5 septembre 2015, 17:00, par An ka donni fo

Rien ne peut justifier la pratique que Mme Bénao pointe du doigt. Mais comme le disent certains, le secteur de l’éducation est gangrené. Déjà les politiques volontaristes, populistes, ou tout simplement imposées par les institutions financières internationales, ne prennent pas en compte les enseignants et la pénibilité de leur travail. Par exemple, les effectifs qui explosent, le manque de formation continue (les conférences pédagogiques au primaire ne sont que saupoudrage ; au secondaire, cette notion a foutu le camp depuis belle lurette), et la dernière trouvaille, ce fameux continium dont personne n’y comprend rien !

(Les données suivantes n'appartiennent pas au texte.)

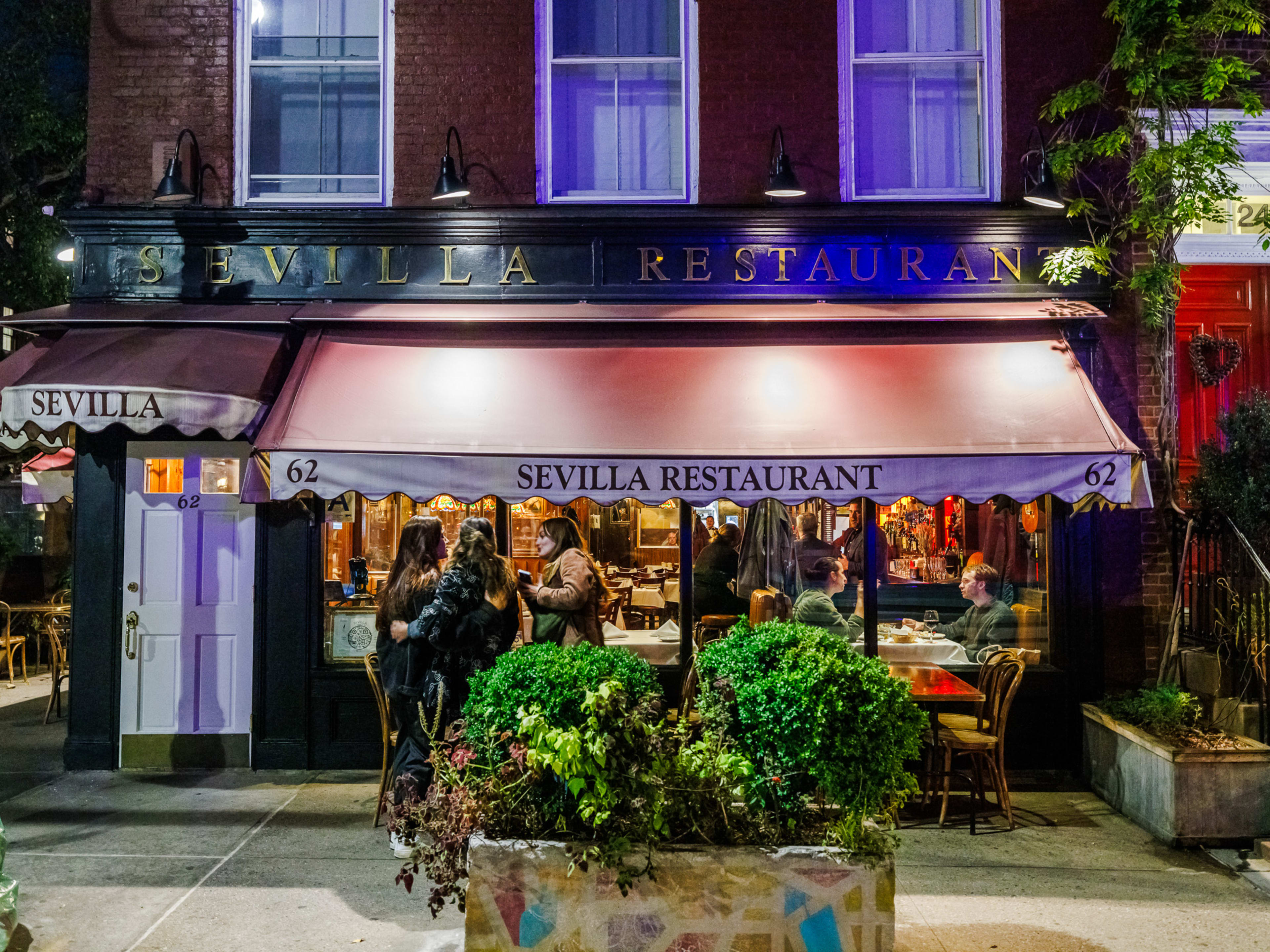 Sevilla Restaurant exterior at night with a large awning, green trees out front on the sidewalk, and people standing by the sidewalk seating area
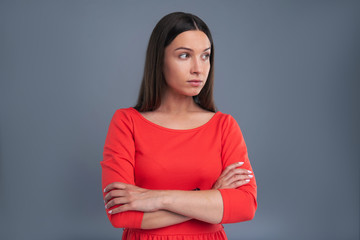 Fototapeta premium Refined beauty. The portrait of a beautiful young woman in a red dress crossing her arms and posing for the camera while standing isolated on a blue-grey background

Bref, les enseignants sont confrontés à une réalité que tous feignent d’ignorer : la valeur des hommes et des femmes au Faso, depuis une trentaine d’années, se détermine qu’à partir de leur pouvoir économique et non de leurs capacités ou moralité. Il ne faut pas croire que l’école peut changer la société si la société elle-même ne voit pas en elle le moule qui formera des hommes de qualité.
Deux exemples viennent illustrer mes propos :
1. au procès de M. Giro, ex-DG des douanes, son syndicat l’a soutenu bec et ongles (son SG a même proféré des menaces contre les parties civiles) au motifs que les cadeaux faits au prévenu étaient normaux, au vu des fonctions occupées par ce dernier. Bel exemple de solidarité. Le tribunal semble l’avoir entendu, si l’on considère que les fruits de ces "cadeaux" n’ont pas été entièrement confisqués ! (Pas le procureur général qui a interjeté appel.)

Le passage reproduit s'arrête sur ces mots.